Donald Trump enthüllt uns jetzt ungeschminkt, was uns die tatsächlichen Urheber dieser Schieflage nie offen ins Gesicht zu sagen gewagt, aber dennoch verschleiert getan haben. Er ist, ebenso wie die angesichts seiner in Freudentaumel verfallenen europäischen rechtspopulistischen Parteien, Schatten einer Politik, welche die Gemeinschaften der Erde bereits in der Vergangenheit an die Ränder diverser Abgründe führte, sie teils hinein stieß und doch nie bereit zur Umkehr war. Es ist dies eine Politik, die längst nicht mehr bemüht war, dem Ganzen zu dienen, sondern die das Ganze in den Dienst treten ließ eines kleinen Kreises von Konzernen, Machthungrigen und Spekulanten.

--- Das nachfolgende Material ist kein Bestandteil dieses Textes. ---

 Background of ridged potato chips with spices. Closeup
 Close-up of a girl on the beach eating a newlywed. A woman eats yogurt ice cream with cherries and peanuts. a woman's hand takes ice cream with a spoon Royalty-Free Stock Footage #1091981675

Die Welt grenzt sich ab (19 Bilder)

Grenzzaun zwischen Mexico und den USA in Arizona. Bild: U.S. Customs and Border Protection / Public Domain

Ebenso wie das von Trump gewollte Einreiseverbot für Angehörige bestimmter muslimischer Staaten und die Hatz auf die Einwanderer ist auch der aktuelle Plan des Mauerbaus zwischen Mexiko und den USA eine klassische Projektion. Die Bösen sind immer die anderen, sie sollen draußen bleiben. Das Gute haben wir gepachtet, und das müssen wir schützen. America first! Eine beinahe analoge Projektion findet derzeit auch in Europa statt. Die Abschottung gegen die Flüchtlingsströme aus den Krisenherden Afrikas sowie des Nahen und Mittleren Ostens gewinnt zusehends brutale Züge.

Das Problem wurde - so wirkt es - in der Vergangenheit jahrelang schlichtweg übersehen. Europa war mit sich selbst beschäftigt - will sagen, mit wirtschaftlicher Expansion oder einschlägiger Strategienschmiede. Damit hat es ordentlich zum Entstehen von Fluchtursachen beigetragen. Die Sache ist noch längst nicht ausgestanden, aber schon jetzt steht der ganze Kontinent vor einer Zerreißprobe, die extremistische Tendenzen befeuert. Die härtesten Konsequenzen dieser Projektion Europas allerdings haben diejenigen zu tragen, die außerhalb der Festung bleiben, mitsamt all ihres Leides und ihrer Verzweiflung.

Eine Projektion beruht immer auf Verdrängung des eigenen Anteils an einer ungewünschten Situation. Wie die Trump-Wahl und die in den letzten Jahren erstarkten rechtspopulistischen Strömungen Europas zeigen, hat sie kollektive Wirksamkeit. Die Brisanz einer Projektion liegt darin, dass die verdrängten Inhalte unbewusst weiter wirken, und zwar unter Rückfall auf eine archaisch geprägte Stufe. Sie entziehen sich somit dem vom Bewusstsein erarbeiteten allgemeinen Wertekontext. Der neue amerikanische Präsident ist hierfür ein pathologisch "sehr schönes" Beispiel, und genau dieser Punkt macht seine Gefährlichkeit aus.